14. The method according to claim 1, wherein, The target object is an edentulous target object.
15. The method according to claim 3, wherein, The first myostatic line is the boundary between the myostatic zone and the myodynamic zone.
16. The method according to claim 4, wherein, The second denture reference line includes a second myostatic line corresponding to the first myostatic line, or a second denture edge line corresponding to the first denture edge line.
17. The method according to claim 11, wherein, Both the first and second designated regions include at least two of the following: the labial frenulum, the buccal frenulum, the maxillary tuberosity, the pterygomaxillary notch, and the region 2 mm behind the maxillary fossa; or, the first designated region includes at least two of the following: the alveolar ridge, jaw structure, palate, labial, buccal, and lingual mucosa, the frenulum, and the salivary gland opening; and the second designated region includes at least two of the following: the labial frenulum, the buccal frenulum, the vestibular mucosal fold, the lower border of the zygomatic bone, and the buccal side of the maxillary tuberosity.

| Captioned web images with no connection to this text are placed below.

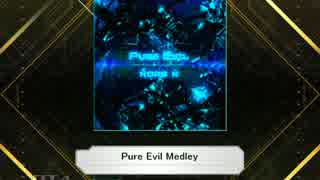 【K-Shoot MANIA】Pure Evil Medley【創作譜面】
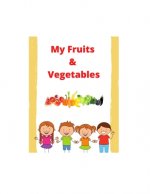 My Fruits And Vegetables Book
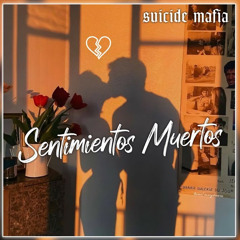 Sentimientos Muertos - Suicide Mafia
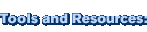 Tool and Resources:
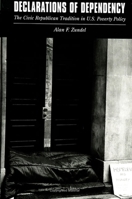 Declarations of Dependency: The Civic Republican Tradition in U.S. Poverty Policy 0791447219 Book Cover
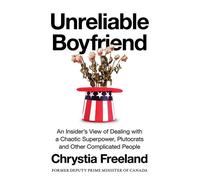 Unreliable Boyfriend An Insider's View of Dealing with a Chaotic Superpower, Plutocrats, and Other Complicated People - Chrystia Freeland - Simon & Schuster UK - ebook (ePub) - Livre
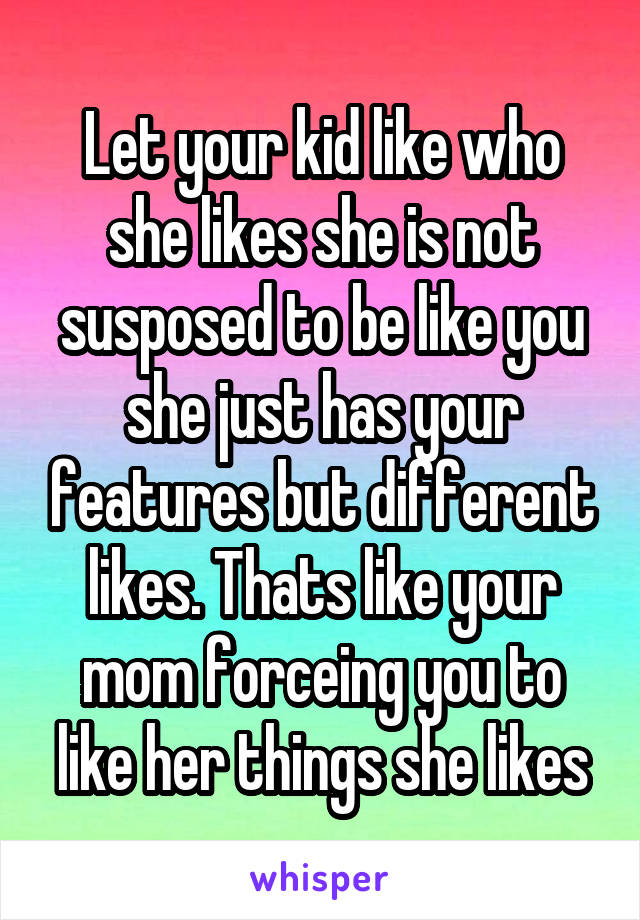 Let your kid like who she likes she is not susposed to be like you she just has your features but different likes. Thats like your mom forceing you to like her things she likes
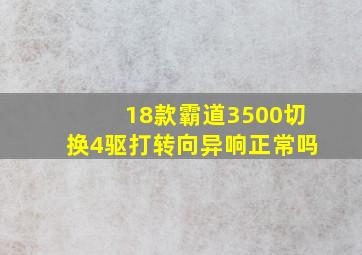 18款霸道3500切换4驱打转向异响正常吗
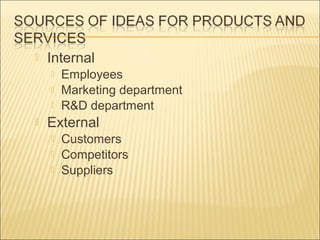 

Internal






Employees
Marketing department
R&D department

External




Customers
Competitors
Suppliers

 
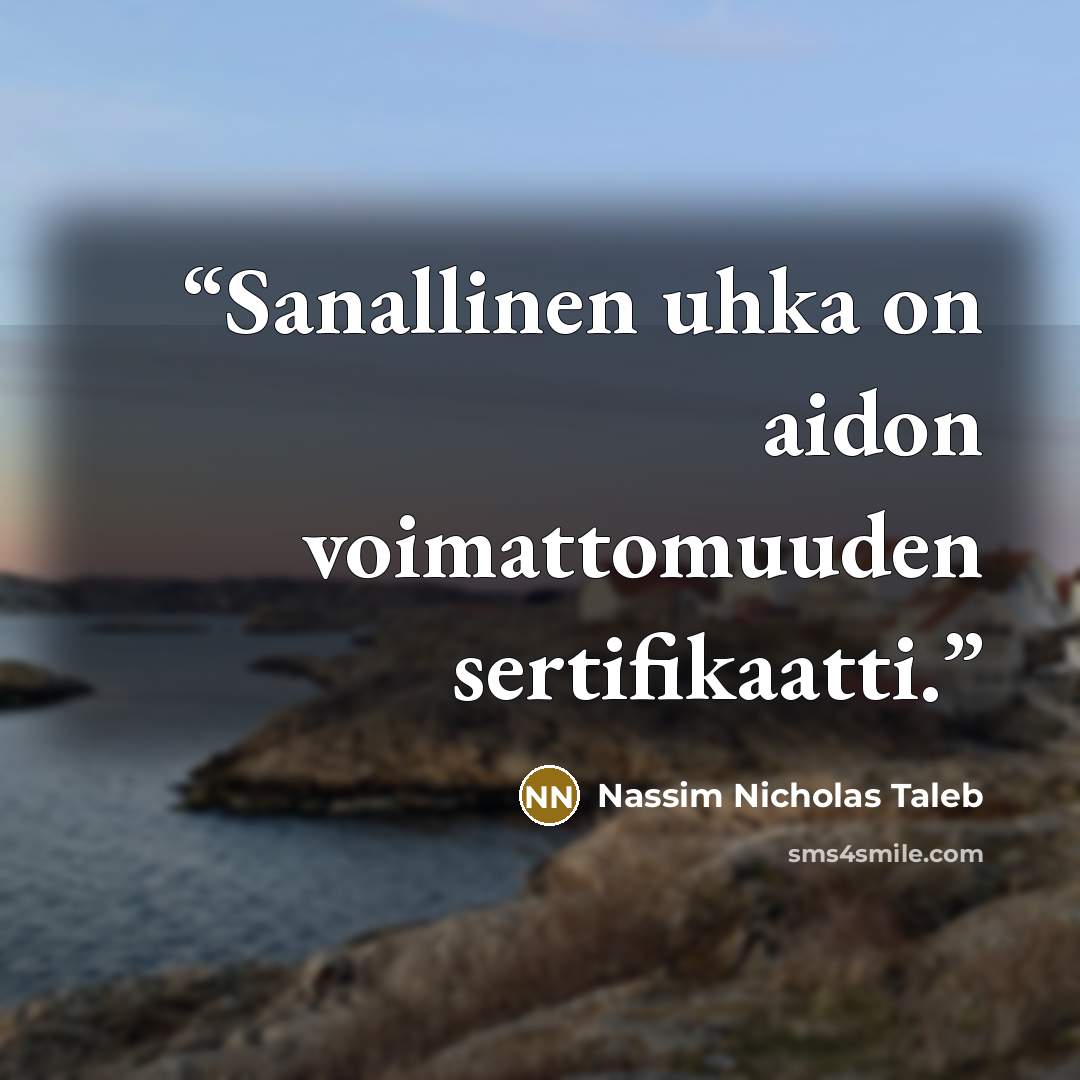 “Sanallinen uhka on aidon voimattomuuden sertifikaatti.” quote by Nassim Nicholas Taleb
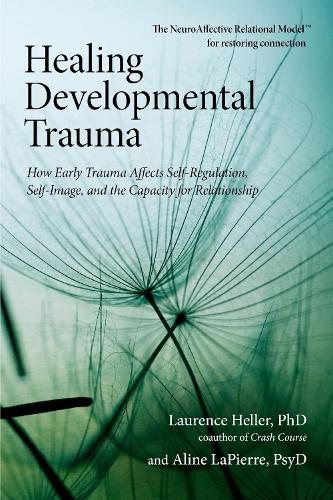 Паперова книга «Healing Developmental Trauma: How Early Trauma Affects Self-Regulation, Self-Image, and the Capacity for Relationship», авторів Алін ЛаП'єр, Лоренс Геллер - фото №1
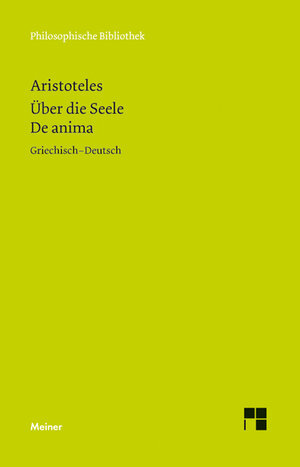 Buchcover Über die Seele. De anima | Aristoteles | EAN 9783787327898 | ISBN 3-7873-2789-4 | ISBN 978-3-7873-2789-8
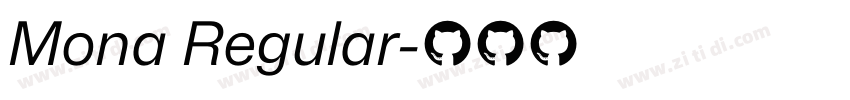 Mona Regular字体转换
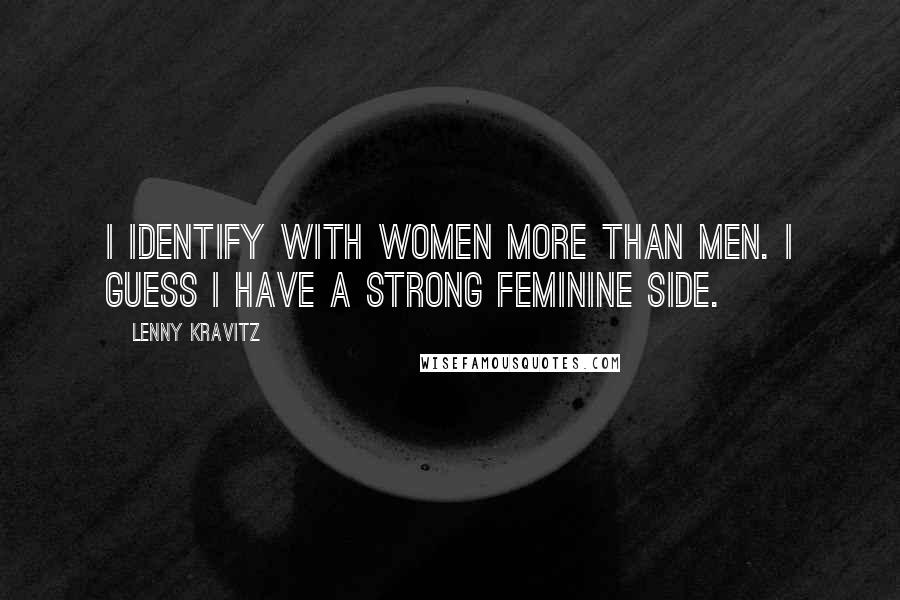 Lenny Kravitz Quotes: I identify with women more than men. I guess I have a strong feminine side.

18. A device for determining the edge line of a denture, comprising: The data acquisition module is configured to acquire first oral cavity data and second oral cavity data corresponding to the target object; wherein, the first oral cavity data is used to represent the oral cavity of the target object under a first pressure state, and the second oral cavity data is used to represent the oral cavity of the target object under a second pressure state, wherein the pressure under the second pressure state is less than the pressure under the first pressure state; The denture reference line recognition module is configured to perform denture reference line recognition on the first oral data based on the trained AI model to obtain the first denture reference line. The denture edge mapping module is configured to map the first denture reference line onto the second oral data based on the registration information between the first oral data and the second oral data, thereby obtaining the target denture edge line.
19. A computer device, comprising a memory and a processor; the memory storing a computer program executable on the processor, wherein the processor, when executing the computer program, implements the method for determining the denture edge line according to any one of claims 1-17.
20. A computer-readable storage medium storing a computer program thereon, characterized in that, The computer program is executed by the processor to perform the denture edge line determination method according to any one of claims 1-17.